Der deutsche Staat hat mit all dem kein Problem und setzt mit seiner Politik einmal mehr ein Beispiel. Als Vertreter des Innenministeriums entgegen den Forderungen von Flüchtlingsorganisationen und des Europa-Rats im Mai deutlich machten, dass sich Deutschland nicht »das Abschieberecht streitig machen lassen wird«, erklärten auch die Schweiz, Österreich und Schweden, Roma von nun an abzuschieben.
Wenngleich das Rücknahmeübereinkommen mit dem Kosovo noch nicht in Kraft getreten ist, wurden nach Informationen der nordrhein-westfälischen Landtagsabgeordneten Monika Düker (Grüne) Ende September bereits 32 Menschen, unter ihnen zwölf Angehörige der Roma, von Düsseldorf nach Pristina abgeschoben, eine weitere Sammelabschiebung ist für November vorgesehen.

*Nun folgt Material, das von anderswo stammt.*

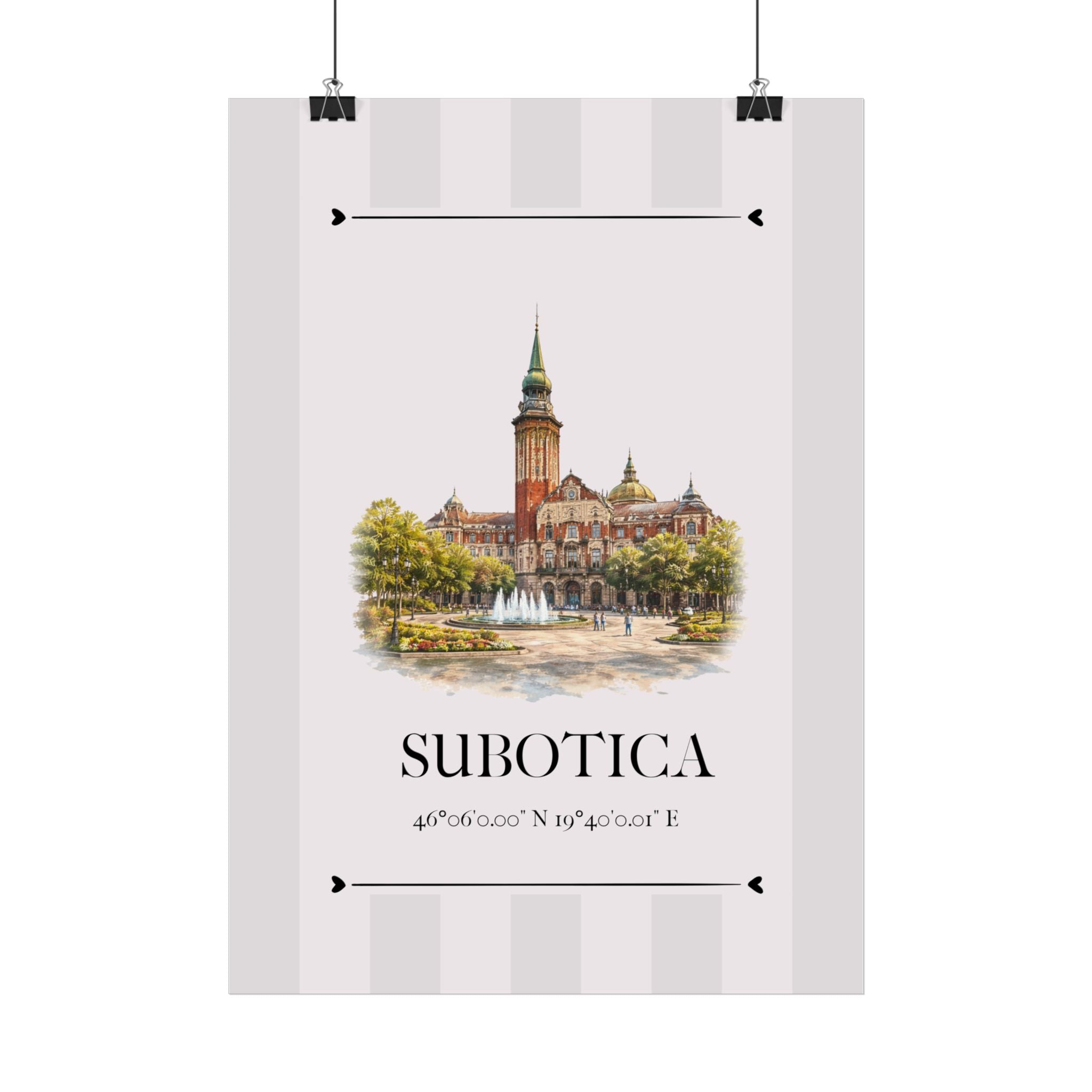 Subotica Poster – Wahrzeichen Illustration | Stadtposter Serbien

Von jenen, die, wie Familie V., derzeit noch zu einer »freiwilligen Ausreise« aufgefordert werden, werden manche nach Stellung eines Härtefallantrags nach Einschätzung von Thomas Grünewald von der GGUA Münster eine Aufenthaltserlaubnis bekommen. So wohl auch Familie V. »Aber das wird nicht bei allen Erfolg haben. Insgesamt kann nur eine politische Lösung, also ein genereller Abschiebestopp, helfen«, sagt Grünewald. Ansonsten sind von den etwa 23 000 in Deutschland lebenden Roma aus dem Kosovo knapp 10 000 von der Abschiebung bedroht. Vier Familien aus dem münsterländischen Steinfurt sind bereits untergetaucht.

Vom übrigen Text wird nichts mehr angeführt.